Blackminou est un projet monté à Pigalle juste pour faire des reprises, juste parce que la scène me manquait. J’ai appelé des potes, mon frère, on est descendu dans le bar en bas de chez moi pour faire des reprises. Entre les tournées de Johnny, j’étais content de faire des petits trucs. On faisait des stades, c’était énorme. Mais j’aime ce côté intimiste, proche du public. C’était ça l’idée Blackminou. Ce n’est pas un groupe, plutôt un collectif de musiciens. Le guitariste est avec Indochine, le bassiste avec Etienne Daho… On a un melting-pot de gens qui se mélangent pour faire des dates. Tu vois, les Beatles ne sont pas interchangeables ! (rires) Le nom est resté comme une colle aux basques, et c’est plutôt devenu le nom du backband plutôt que d’un groupe en lui-même. Quant à Yarol, mon album sort en février, et j’ai décidé de faire des dates pour me préparer. C’est assez surprenant car le public ne sait absolument pas à quoi s’attendre. Après on s’adapte et on fait quelques reprises suivant comment le concert se passe, mais j’aime bien cette idée de surprendre le public et voir leurs réactions à chaud.

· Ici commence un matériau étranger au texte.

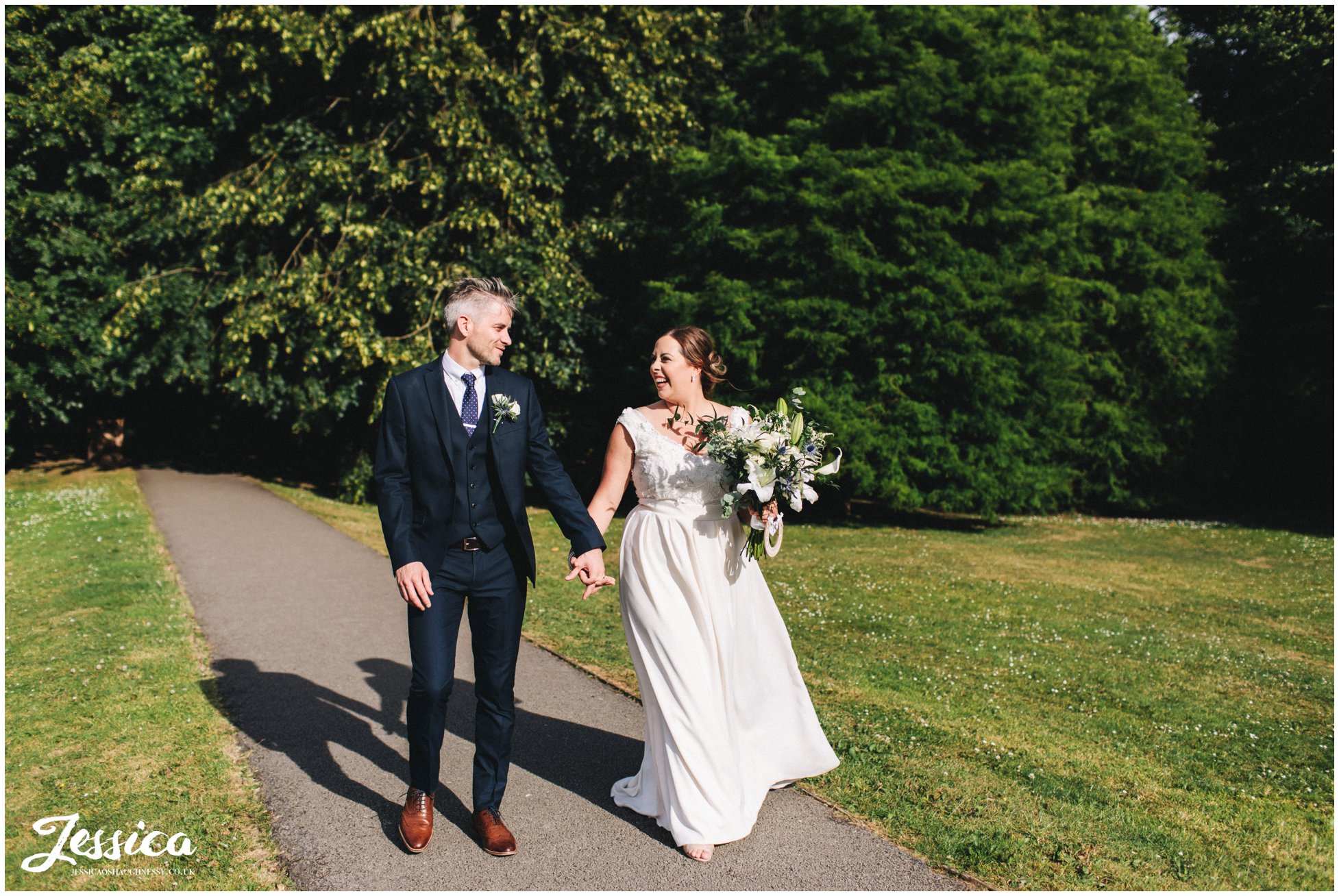 the couple laugh walking along in the sunshine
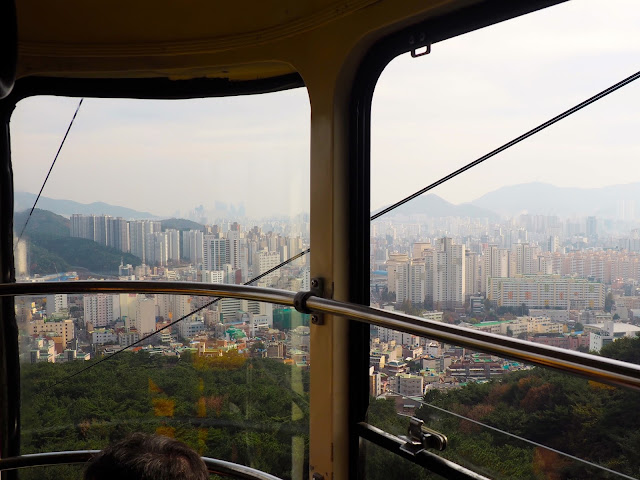 Views of Busan from inside Geumgang cable car, up Geumjeongsan Mountain, Busan, South Korea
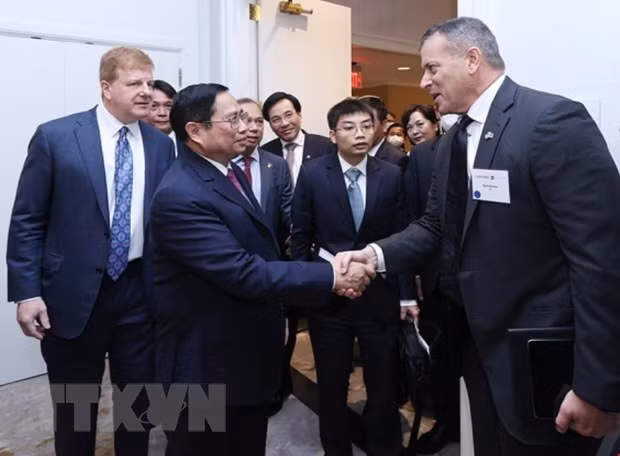 越南政府总理范明政与美国企业界代表会面 ảnh 2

Tu penses changer des trucs sur l’album du coup ?
Bonne question. On a enregistré 16 titres mais on va en sortir 14. Certains sont supers en live mais ne sortiront pas sur l’album, ou alors en B-sides ou en édition limitée.

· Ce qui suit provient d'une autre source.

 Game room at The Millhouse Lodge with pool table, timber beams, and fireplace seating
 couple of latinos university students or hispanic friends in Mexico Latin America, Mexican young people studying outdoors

Tu as joué avec Victor de Dirty Deep. C’est important pour toi de transmettre ton savoir ?
Transmettre pas vraiment, c’est une collaboration qui se passe dans les deux sens. On m’a proposé d’enregistrer car j’étais dans la région et j’espère sortir un petit 45 tours, quelque chose de marrant. J’aimerais bien faire quelques collaborations et enregistrer avec des groupes de la scène locale. Paris c’est sympa, mais j’aime passer du temps dans d’autres villes, l’énergie est différente et c’est bien de sortir de Paris où l’on tourne parfois en rond et où l’on se croit les rois du monde. J’aime beaucoup voir comment les gens se démerdent et se sortent les pouces pour que les choses se passent. J’ai beaucoup de respect pour les groupes de province.
Tu as joué plusieurs styles de musique. Rock, funk, country… Il y a un style que tu aimerais aborder ?
On avait fait du rap avec FFF, et j’aimerais bien bosser à nouveau avec des rappeurs. Orelsan par exemple, Lomepal est aussi intéressant. J’avais pris une telle claque avec Run DMC et Aerosmith ! (rires) Même Cypress Hill ou Prophets of Rage, tu vois que ça marche bien ces riffs lourds avec les mecs qui rappent dessus !
Comment définirais-tu le rock aujourd’hui ?
Pour moi, c’est plus un prisme qu’un style de musique. C’est aussi une attitude, une façon de se mettre en danger. Il y a des gens qui font du rock qui n’ont pas l’attitude, et vice-versa. La musique en soit n’est plus beaucoup représentée. À la base c’est une musique d’adolescent qui se retrouve à une musique de daron qui se retrouve le soir à écouter du Led Zep avec un cognac à la main. Il y a Last Train qui cartonnent bien, Mannequins sont incroyables…. Il y a plein de gens qui ont cette énergie assez unique qui méritent un peu d’attention. Après le public ne suit pas forcément, le mainstream est trop présent. Tu vois mon gosse de douze ans il aime le rap et l’électro.
Et surtout les clubs qui ferment !
C’est dramatique ! Mais pas seulement pour le rock, ce sont des clubs d’expression, de culture. Mais ça fait du bruit dehors, c’est pas aux normes, ça crée des problèmes pour les gens qui veulent le silence. Tu vois le bar où j’ai commencé Blackminou n’avait pas de sortie de secours, tout le monde fumait dedans… Heureusement que rien n’a brûlé sinon on était tous morts (rires), mais ça a cette âme unique, on a fait beaucoup d’efforts en France pour monter des SMAC. C’est toujours un peu trop clean pour moi, mais c’est toujours ça !
Et le jour de l’enterrement de Johnny, quelle était ton impression d’avoir tout le groupe sans avoir le patron sur scène ?
C’était assez impressionnant et intense, mais j’étais très occupé par le côté technique, vu que c’était filmé. Ce qui m’a marqué, c’était les techniciens. Ils bossaient avec Johnny depuis les années 80, ils dormaient 2 heures par nuit pendant 6 mois pour que tout soit parfait, parce qu’ils l’aimaient. C’était des fans de la première heure. Et quand tu vois Roger, Michel, Gérard, en larmes, c’est très, très fort.